THE head of a first and middle school says he will appeal against a decision by Ofsted inspectors that the school requires improvement.

Paul Kilgallon hit back after St Barnabas CE First and Middle School in Drakes Broughton, near Pershore, received the report.

In it, inspectors said leaders had not maintained previous good performance and progress and standards, particularly in maths, had declined.

The report said leaders were slow to stem this decline although urgent action was now being taken.

Inspectors felt leaders were not self-critical enough and teachers were not consistently assessing the children's progress.

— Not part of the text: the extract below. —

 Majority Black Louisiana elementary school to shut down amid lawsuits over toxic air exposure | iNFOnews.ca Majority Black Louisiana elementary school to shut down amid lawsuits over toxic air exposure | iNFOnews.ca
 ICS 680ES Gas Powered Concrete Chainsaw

The school was criticised for its previous ineffective subject leadership in maths, although inspectors said subject leaders for English and the newly appointed leader of maths were "enthusiastically" driving improvement.

Governors were also criticised for not challenging the school's leaders enough over the decline in standards.

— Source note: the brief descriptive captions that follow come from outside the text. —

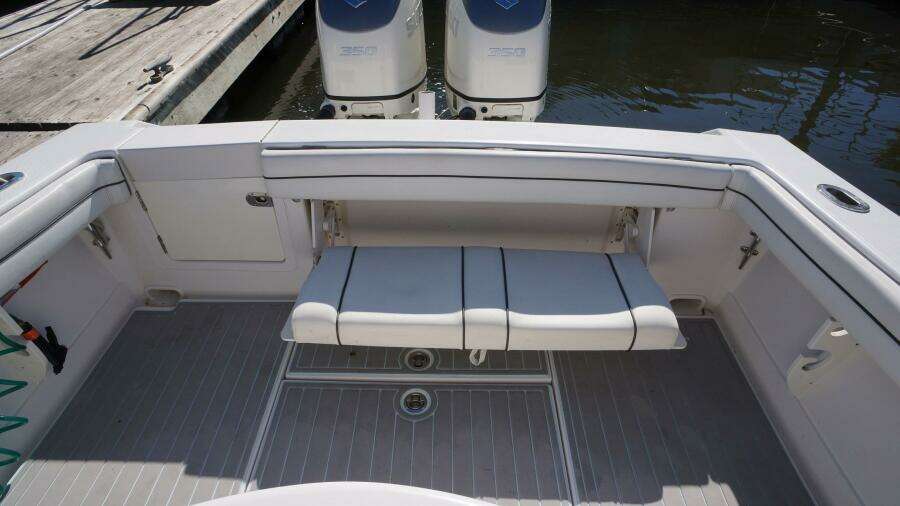 30 Jupiter FS 2015 Transom Bench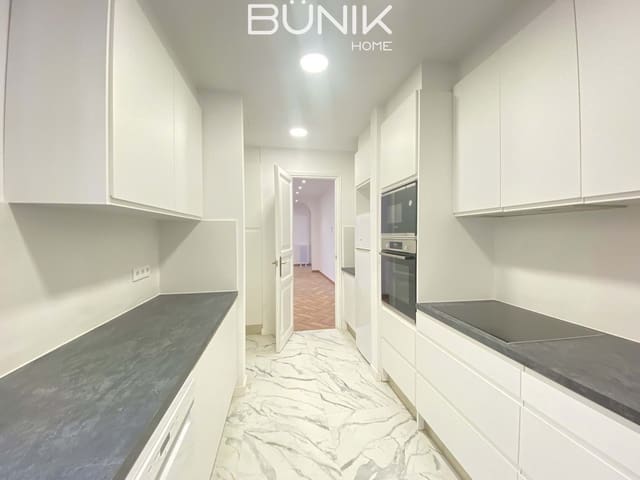 5 slaapkamer Kantoor te huur in Sant Gervasi - Galvany, Barcelona stad - € 4.000 (Ref: 9884860)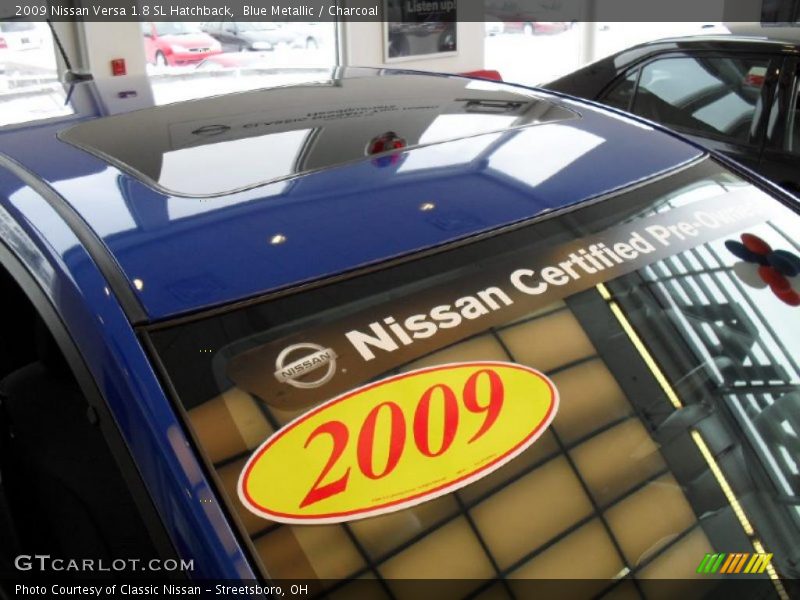 Blue Metallic / Charcoal 2009 Nissan Versa 1.8 SL Hatchback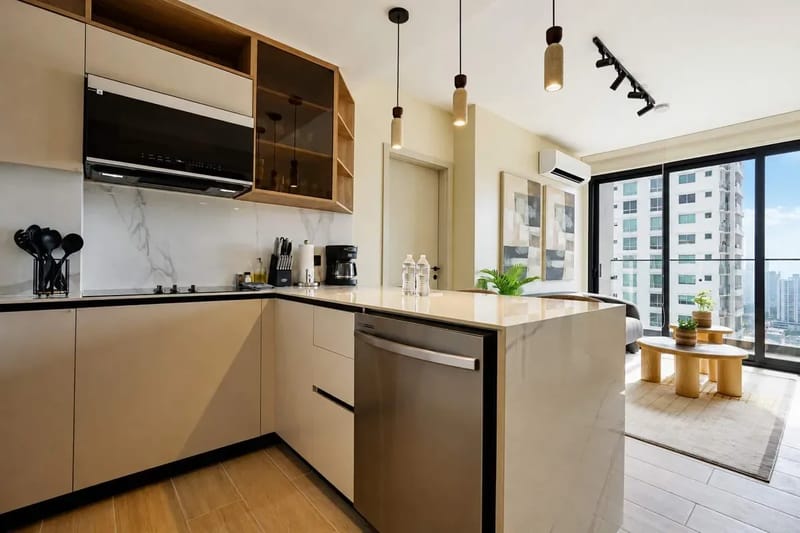 Chic 2BR w/ Balcony & AC in San Francisco
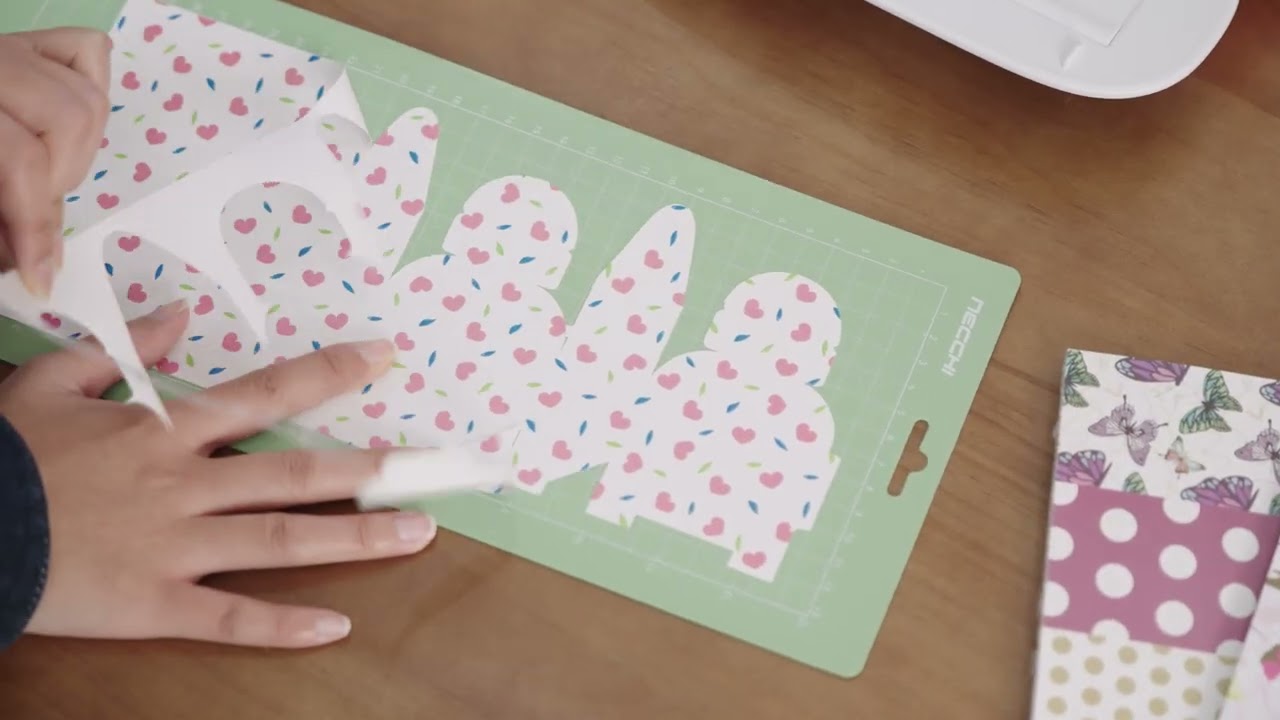 Necchi Sweet Mini: il plotter da taglio Necchi piccolo, preciso e potente🩷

Pupils were said not to be making consistently strong progress and were making faster progress in some year groups than others.

Overall those who reached the expected standard in reading, writing and maths was smaller than that seen nationally in the 2016 Sats.

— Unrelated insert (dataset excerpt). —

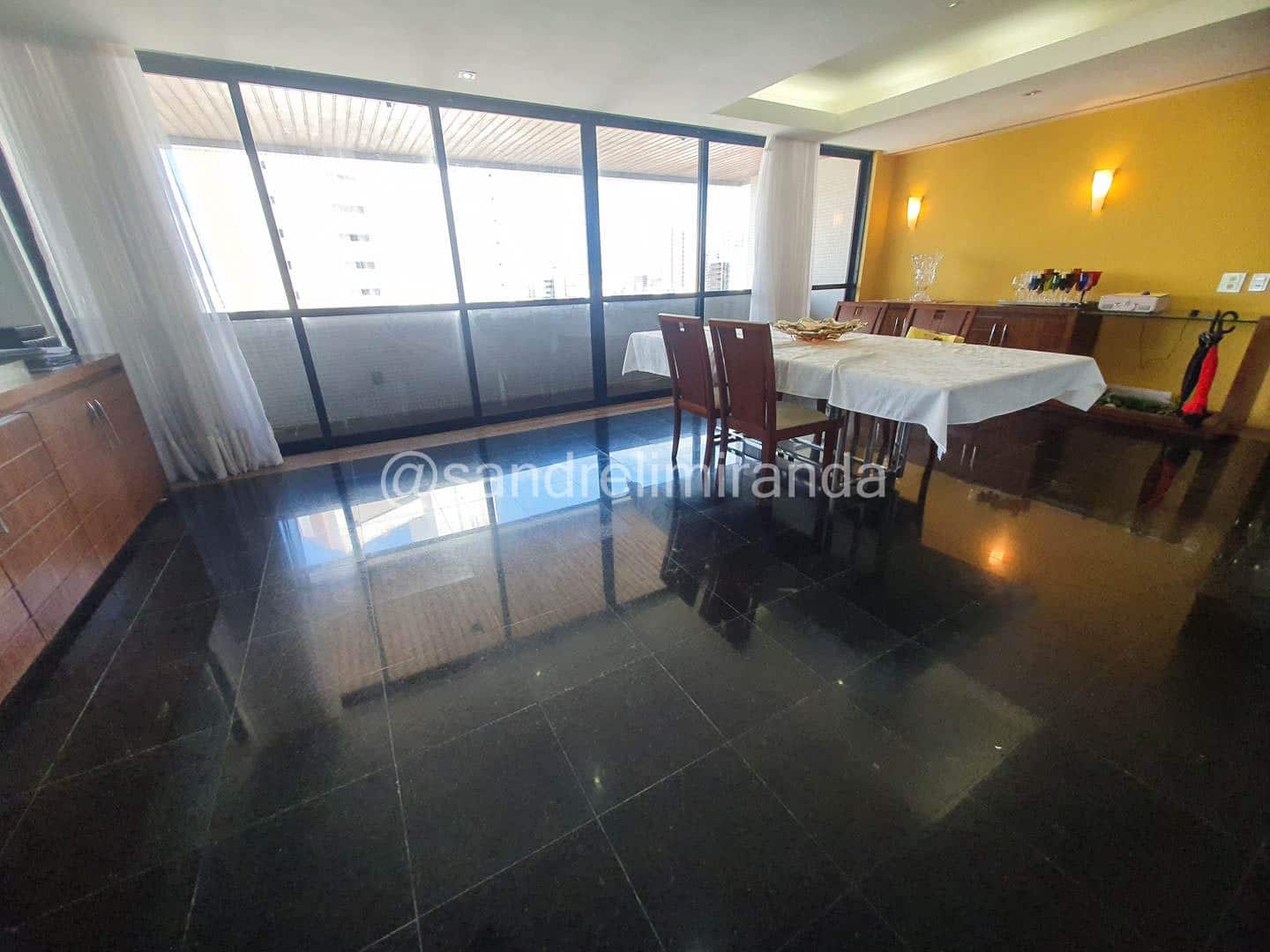 Amplo apartamento à Venda no Meireles 3 Quartos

However, those pupils, now in year 7, had been targeted with extra funding and were catching up.

The Stonebow Road school’s work to promote pupils’ personal development and welfare was described as outstanding.

Staff knew the pupils well and put their well-being at the centre of everything they did.

Parents said they valued the school's support during difficult times for families.

The school's core values were described as having a powerful effect on the children who were also said to be well -behaved.

Inspectors found the early years provision was good with pre-school and reception staff working closely and successfully together.

Paul Kilgallon, the school's headteacher, said: "We are in the process of appealing.

"I feel the team didn't take into account the fact that we are a middle school.

"They based their judgement on a dip in year 6 maths scores over the past few years.

"We have addressed that.

"They didn't take into account the year 7 pupils in the school who leave our school at a level higher than expected nationally."

He added: "When the inspectors were in they told us they saw good teaching, good progress in lessons.

"We have a record of very high levels of education. Our children are well, happy and they go on to do well at high school and that is not reflected in the report."

Mr Kilgallon praised parents for their support and said they had gone out of their way to tell the school they felt Ofsted had got it wrong.